**Your goal**
For the entries that follow, retype exactly the lines from the one containing "Detection of MMP3" to the one containing "DAB staining on", inclusive, and only those. Images stay out of the copy.

**Task data**
###

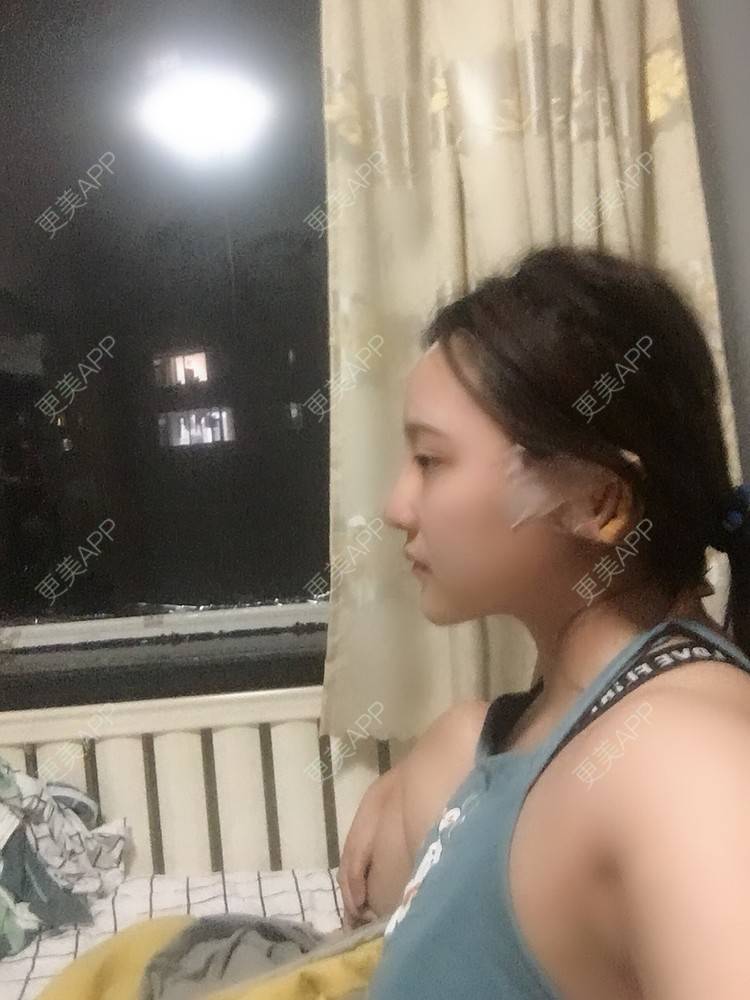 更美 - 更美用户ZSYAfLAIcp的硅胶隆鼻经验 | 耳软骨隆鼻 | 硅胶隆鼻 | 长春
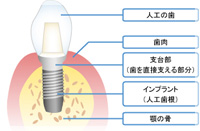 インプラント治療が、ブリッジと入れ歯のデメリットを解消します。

###

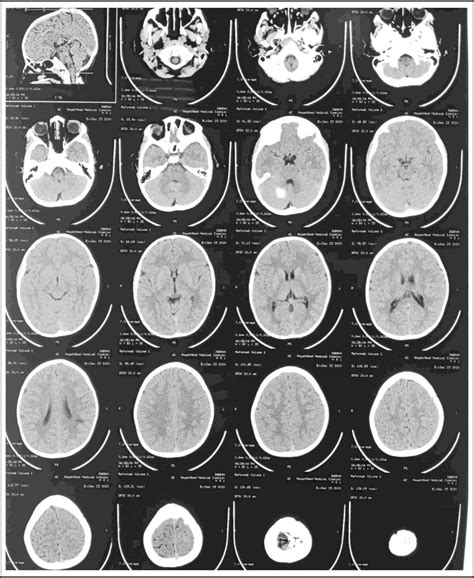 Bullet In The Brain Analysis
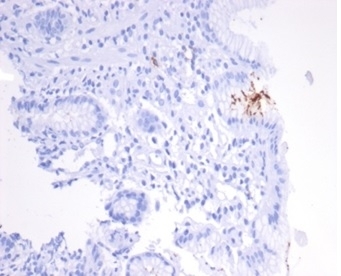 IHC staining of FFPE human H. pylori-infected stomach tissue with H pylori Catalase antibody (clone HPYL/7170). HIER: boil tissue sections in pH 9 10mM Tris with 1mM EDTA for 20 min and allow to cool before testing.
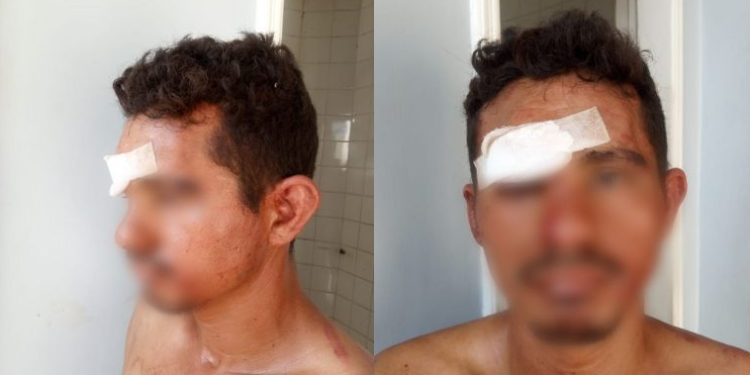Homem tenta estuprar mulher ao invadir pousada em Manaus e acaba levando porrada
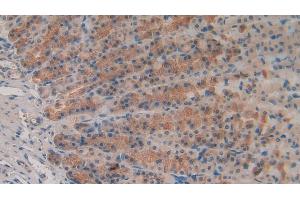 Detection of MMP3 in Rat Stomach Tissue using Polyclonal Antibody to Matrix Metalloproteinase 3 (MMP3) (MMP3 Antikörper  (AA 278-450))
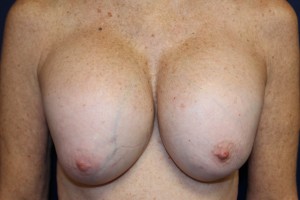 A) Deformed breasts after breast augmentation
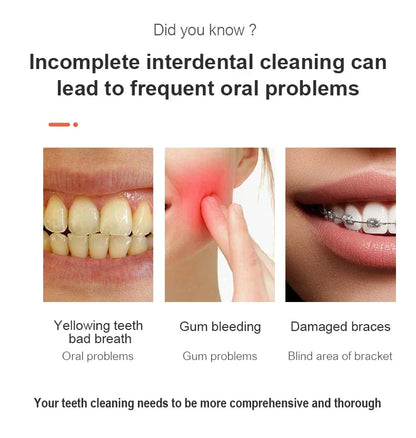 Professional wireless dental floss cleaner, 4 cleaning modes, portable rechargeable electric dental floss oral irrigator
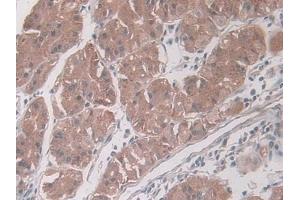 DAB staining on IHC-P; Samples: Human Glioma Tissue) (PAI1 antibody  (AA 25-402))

###

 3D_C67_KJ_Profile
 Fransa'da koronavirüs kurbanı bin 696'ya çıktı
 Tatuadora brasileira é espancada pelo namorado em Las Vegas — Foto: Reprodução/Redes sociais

###

**Exercise result**
 Detection of MMP3 in Rat Stomach Tissue using Polyclonal Antibody to Matrix Metalloproteinase 3 (MMP3) (MMP3 Antikörper  (AA 278-450))
 A) Deformed breasts after breast augmentation
 Professional wireless dental floss cleaner, 4 cleaning modes, portable rechargeable electric dental floss oral irrigator
 DAB staining on IHC-P; Samples: Human Glioma Tissue) (PAI1 antibody  (AA 25-402))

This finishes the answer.